L’étude de Shipp retrouve une
fragilité des cicatrices récentes, avec un risque de rupture trois fois
plus important lorsque l’intervalle entre les deux accouchements est
inférieur à 18 mois.
En revanche, Huang ne retrouve pas cette
différence.
* Antécédent de voie basse
:
Il peut jouer un double rôle en tant qu’élément pronostique de
l’épreuve.
En effet, il peut être à la fois un facteur de risque de
rupture chez les très grandes multipares et un facteur prédictif de la
réussite de l’épreuve.
Concernant le risque de rupture utérine, peu
d’études se sont intéressées à la grande multiparité en cas d’utérus
cicatriciel.
Yamani a étudié les multipares de plus de six
accouchements, dans le cadre des déclenchements par
prostaglandines.
Il n’a pas retrouvé de rupture utérine dans sa série,
mais celle-ci était limitée à 26 patientes.
Une étude récente de Zelop
porte sur 3 783 utérus unicicatriciels dont un tiers avec antécédent
de voie basse.
En calculant le risque de rupture en cours d’épreuve, Zelop retrouve un risque plus faible chez les patientes qui ont déjà
accouché par les voies naturelles.
En ce qui concerne la réussite
de l’épreuve, les résultats de la littérature montrent une diminution
du nombre de césariennes en cours de travail chez les patientes
ayant déjà accouché par voie basse.
Pour Lehmann, l’antécédent
de voie basse est l’un des facteurs pronostiques les plus fortement
corrélés à la réussite de l’épreuve.
De plus, lorsque l’on regarde
la chronologie de la voie basse par rapport à la cicatrice, les résultats
sont très en faveur de la voie basse intercalaire.
* Indication de la césarienne antérieure :
Elle joue probablement un rôle en tant que facteur pronostique.

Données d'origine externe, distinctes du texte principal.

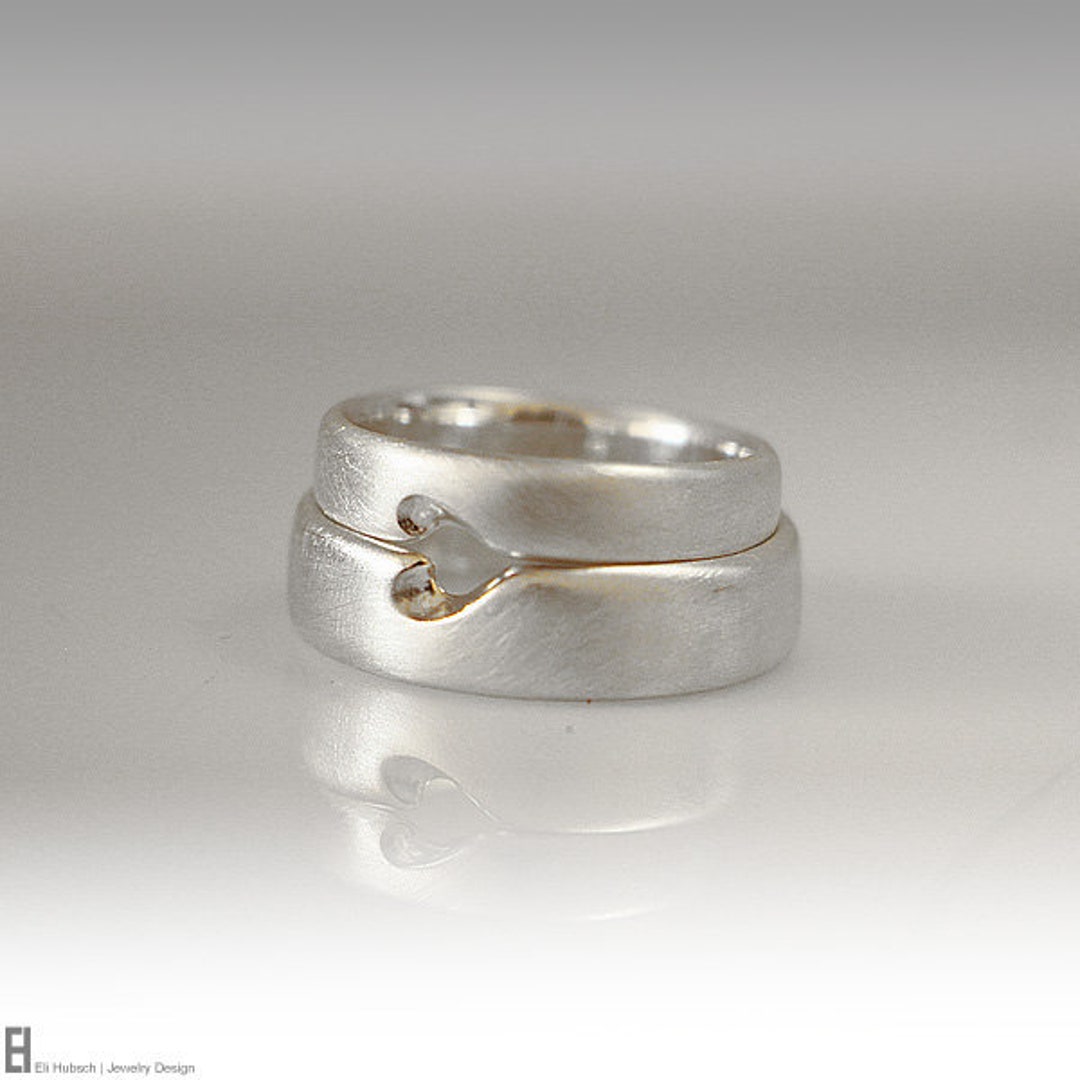 Couples Ring Set handmade Pure Silver LOVERS RING SET - Etsy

L’antécédent de césarienne pour dystocie est moins favorable que
l’antécédent de césarienne pour siège, et pendant longtemps, une
césarienne itérative a été proposée lorsque la cause de la première
césarienne était une dystocie, en raison du risque d’échec de
l’épreuve utérine.
Mais si le taux de succès est légèrement abaissé
dans ce dernier cas, il reste compris entre 65 et 75 % selon les
études.
Il s’explique par les phénomènes dynamiques qui
interviennent au cours de l’accouchement et qui sont éminemment
variables d’un accouchement à l’autre, rendant impossible toute
prédiction de l’issue de l’accouchement.
Par ailleurs, le taux de
ruptures ou de déhiscences n’est pas significativement augmenté
lorsque l’épreuve a lieu sur une cause récurrente.

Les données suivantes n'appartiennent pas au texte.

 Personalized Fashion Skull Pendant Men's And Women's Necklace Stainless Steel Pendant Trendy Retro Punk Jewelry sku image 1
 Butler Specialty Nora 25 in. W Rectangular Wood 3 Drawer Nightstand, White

* Suites opératoires de la césarienne antérieure :
Les antécédents infectieux dans les suites opératoires immédiates
(fièvre, endométrite, péritonite...) ont été soupçonnés de fragiliser la
cicatrice ; mais Nielsen a comparé l’incidence des ruptures et des
déhiscences chez des patientes dont la césarienne était suivie ou non
d’infection et n’a pas retrouvé de différence significative entre les
deux groupes.
Les éléments relatifs à la grossesse en cours sont :
– la présentation : le type céphalique oriente vers la tentative de voie
basse, tandis que le siège est une situation à risques, essentiellement
par le biais des manoeuvres que l’on peut être amené à réaliser.
Les
présentations défléchies et transverses sont des indications de
césarienne ;
– la localisation placentaire : la localisation prævia, en regard de la
cicatrice, augmente les risques hémorragiques de la délivrance et les
risques de placentation accreta et percreta.
Dans ce dernier cas, le
risque de rupture utérine est également augmenté ;
– la surdistension utérine : elle augmente les risques de rupture,
mais elle ne contre-indique pas la voie basse si elle est modérée ;
– l’appréciation du bassin :
La pelvimétrie est un examen demandé
classiquement chez la patiente porteuse d’un utérus cicatriciel, le
but de cet examen étant d’aider au choix du mode d’accouchement
et de moduler la conduite du travail en cas d’épreuve.
Cet examen
présente plusieurs inconvénients : l’absence de précision dans les
mesures, l’absence de consensus sur les valeurs normales, le risque
d’irradiation foetale, sa mauvaise valeur prédictive quant à l’issue
de l’épreuve et son influence négative sur les choix du praticien.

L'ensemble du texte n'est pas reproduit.